The Z Fold 4 can shoot 8K videos at 24fps and 4K at 60. Both the formats look good in daylight and are very well stabilised too. But note that you can't switch to telephoto and ultrawide cameras at 4K 60fps, so the best mode is 4K 30fps, as it allows you to switch between them while shooting. I am pretty satisfied with the audio and video quality in both day and low light, but at its price, it's not as good as the iPhone 14 Pro or even 13 Pro.
Battery and charging need attention
While the SoC has improved the battery life of the Z Fold 4 over the Fold 3, it's still not at par with the competition. It easily lasts a 9-6 work day on a single charge with around 20% power to spare, but on weekends, when I doomscroll Twitter, Reddit and Instagram, watch videos and play games alongside other things, it asks for a charge within 8 hours. That's the battery life I was getting on the OnePlus 10 Pro. It's not bad as per industry standards, but at over 1.5 lakh, competing against the Pro and Pro Max iPhones, it is behind the competition. So if battery life is a major concern for your work or lifestyle, it might not be the best option.
The charging speeds of the Z Fold 4 are also behind the competition and industry standards. It supports up to 45W charging, which needs to be bought separately as you don't get one in the box, just like the iPhones. Using a supported 45W PD charger charges slightly over 45% in 30 minutes and takes about one and a half hours to charge fully.
What's good is that it has wireless charging support and reverse wireless charging as well. You can charge other devices using the Fold 4, which is very handy.
The key takeaway is that you must invest in a 45W charger and a wireless charger for your work desk with the phone if you're considering it as a daily driver. It will save time and make charging more convenient. However, since most phones offer up to 80W charging, and many customers are habitual to plugging in phones for 20-30 minutes, this feels slightly slower. This isn't a deal breaker for me as I carry a secondary phone; it is something to consider if you're planning to carry just one phone and your work demands commuting.
AdvertisementVerdict: Who is it for?
The Galaxy Z Fold 4 is ready for all daily drivers and is an excellent phone for your entry into the foldable realm. It is more refined, practical and usable than I expected. However, the weight and form factor of the phone is unusual, so you must consider if it fits your lifestyle. As I mentioned earlier, someone with small palm might find it challenging to adapt to the size. It is a carry-in-hand or bag device if your pants have small pockets. The Galaxy Z Flip 4 is a better option in that case.

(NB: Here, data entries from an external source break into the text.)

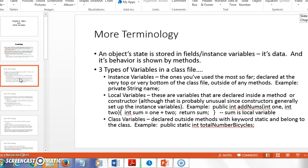Within a class file, we generally have three types of variables. Instance variables are the ones you're most familiar with — declared at the top or bottom of the class file, outside of any methods or the constructor, and we make those private, like 'private String name'. Then we have local variables — variables declared inside a method. An example: if I have a method called addNums and I declare 'int sum' inside it, that's a local variable used only within that method.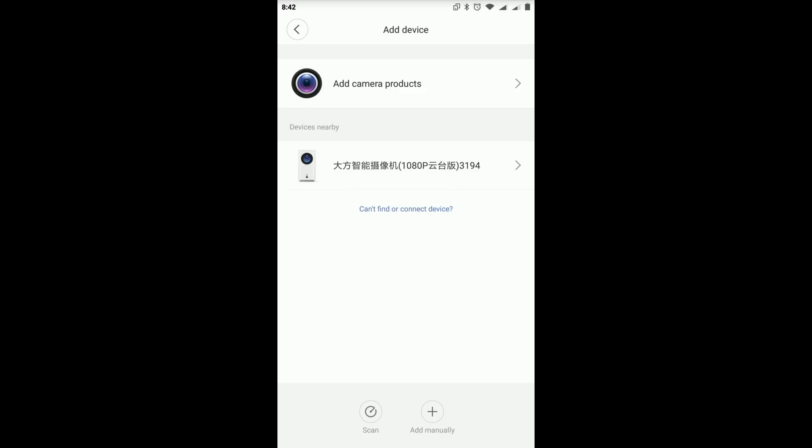And there you go, it pops up. So you will see now the nearby device is displaying the camera. And now we press it.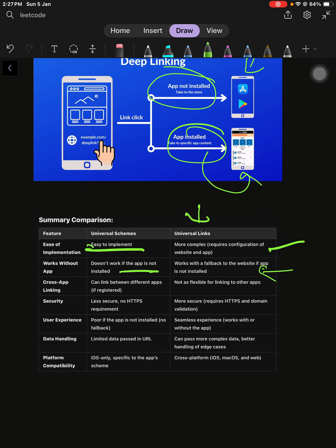You can have platform independence with universal links - you can use them across any platforms. But with custom URLs, platform independence is not a good approach.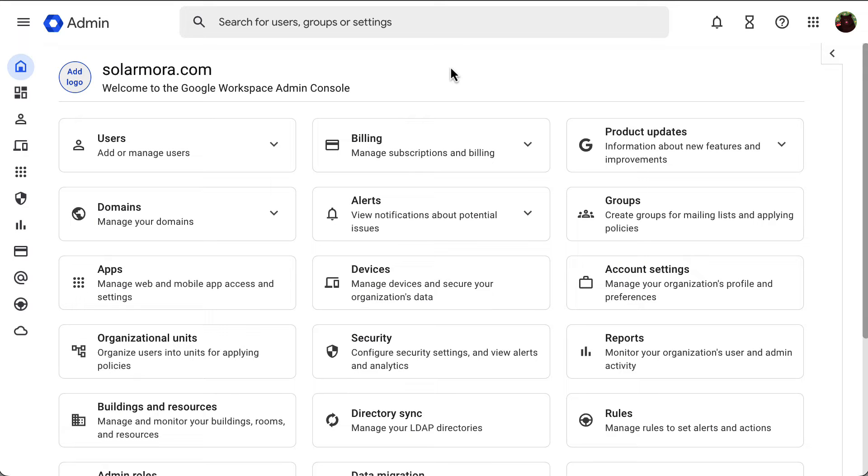As a Google Workspace Administrator, you can manage how additional Google services like YouTube, Blogger and more are used with Google Workspace accounts with the on or off controls.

It's best suited for three types of users-
- Those who love to stay updated with the latest gadgets and have a flexible budget. It's a head-turner for sure, but it's highly functional and does everything a regular phone can do. Of course, with the big screen advantages. In a nutshell, it brings the exclusivity that was once felt with having the best iPhone available.
- Those who find a use case of Fold 4 to make it a time-saving tool or simply be more productive. Its multitasking prowess and big screen allow you to do a lot of work on the fly. It is not a laptop replacement for someone like me, but I could do more than half the work on this phone without compromising convenience.
- Also, those who like watching videos and playing games on the phone but have no problem with the chunky form factor.
- If you are uncomfortable using big phones.
- If a long-lasting battery is your priority.
- You want the best camera phone for photos and videos.